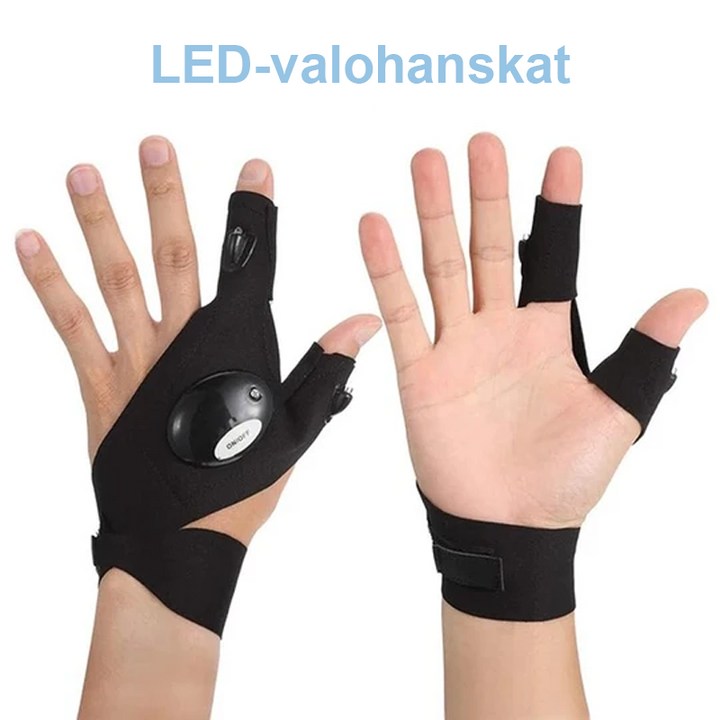 Unisex LED-handsker til fiskeri og reparation, fleksibelt neopren, lys på fingerspidserne, hænder fri i mørket.
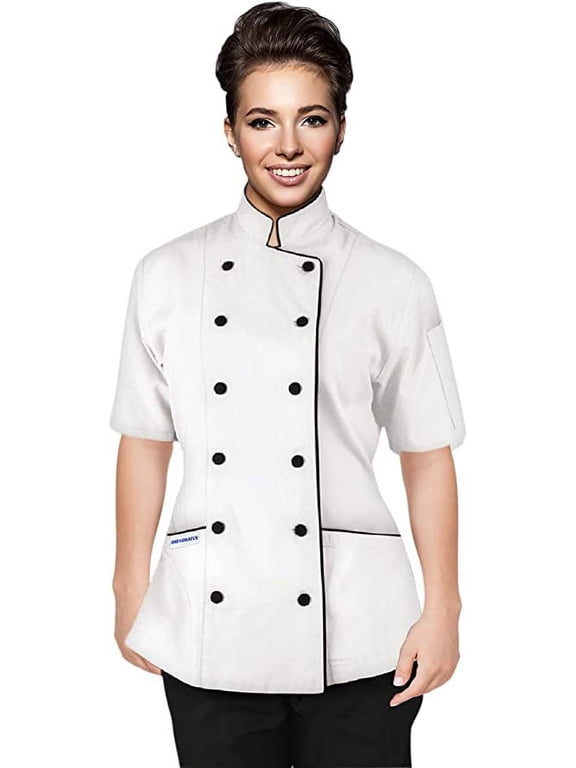 Short Sleeves Tailored Fit Chef Coat Jacket Uniform for Women for Food Service, Caterers, Bakers and Culinary Professional (White, X-Large)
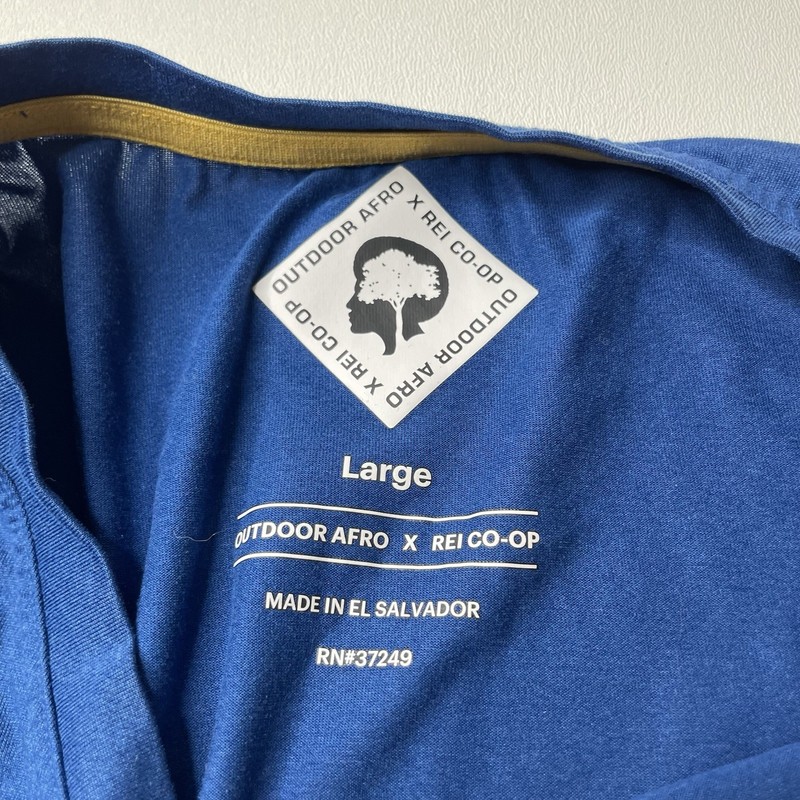 Outdoor Afro Rei Co-Op Tee Shirt Men's Sz L Blue Trail Lightweight Breathable gallery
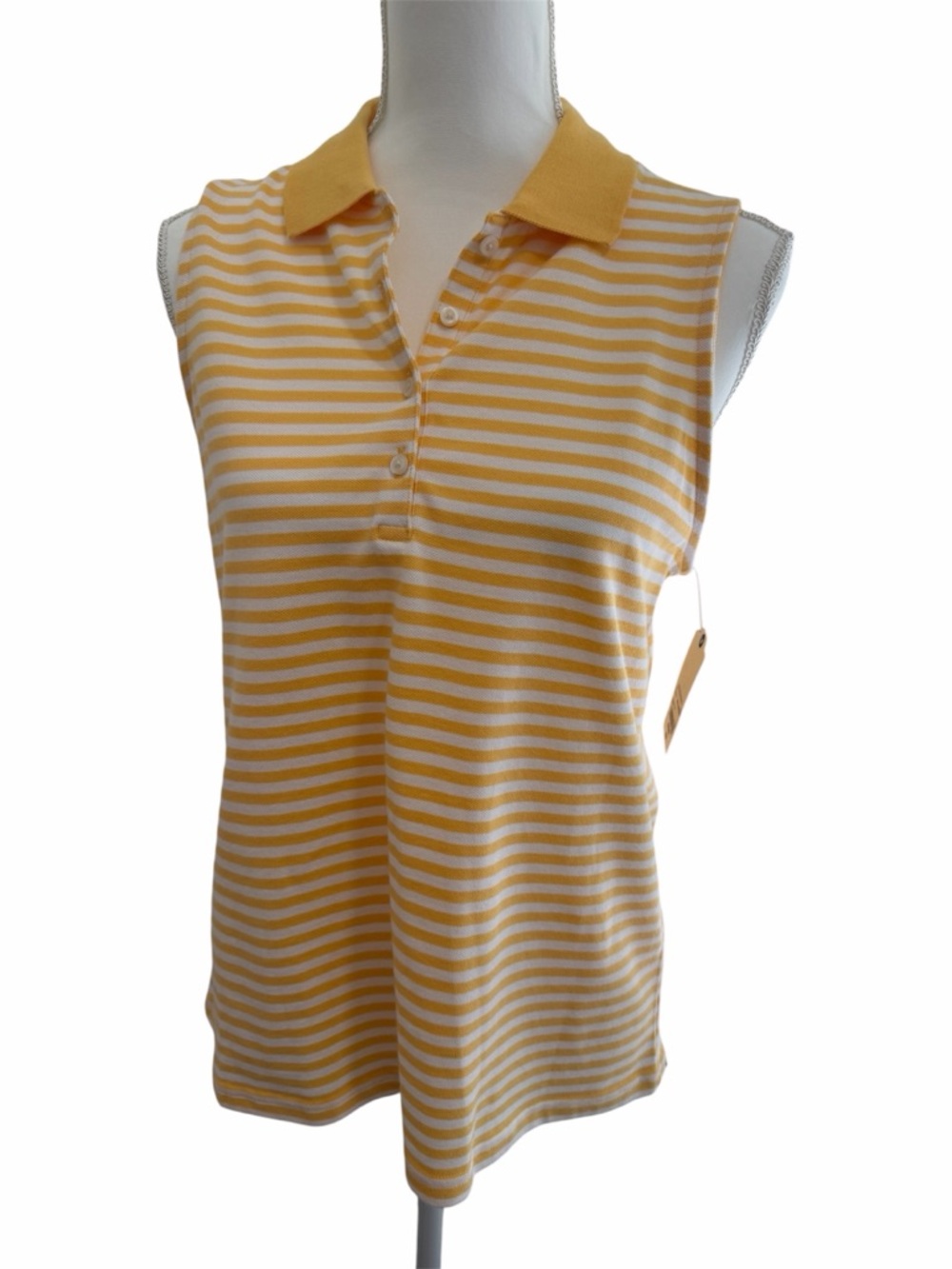St. John's Bay Yellow and White Striped Polo Tank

▶ [Work item]
Your answer should hold only the lines from the one with "Outdoor Afro Rei" through the final line of the listing above, transcribed exactly and without pictures.

▶ [Completed task]
 Outdoor Afro Rei Co-Op Tee Shirt Men's Sz L Blue Trail Lightweight Breathable gallery
St. John's Bay Yellow and White Striped Polo Tank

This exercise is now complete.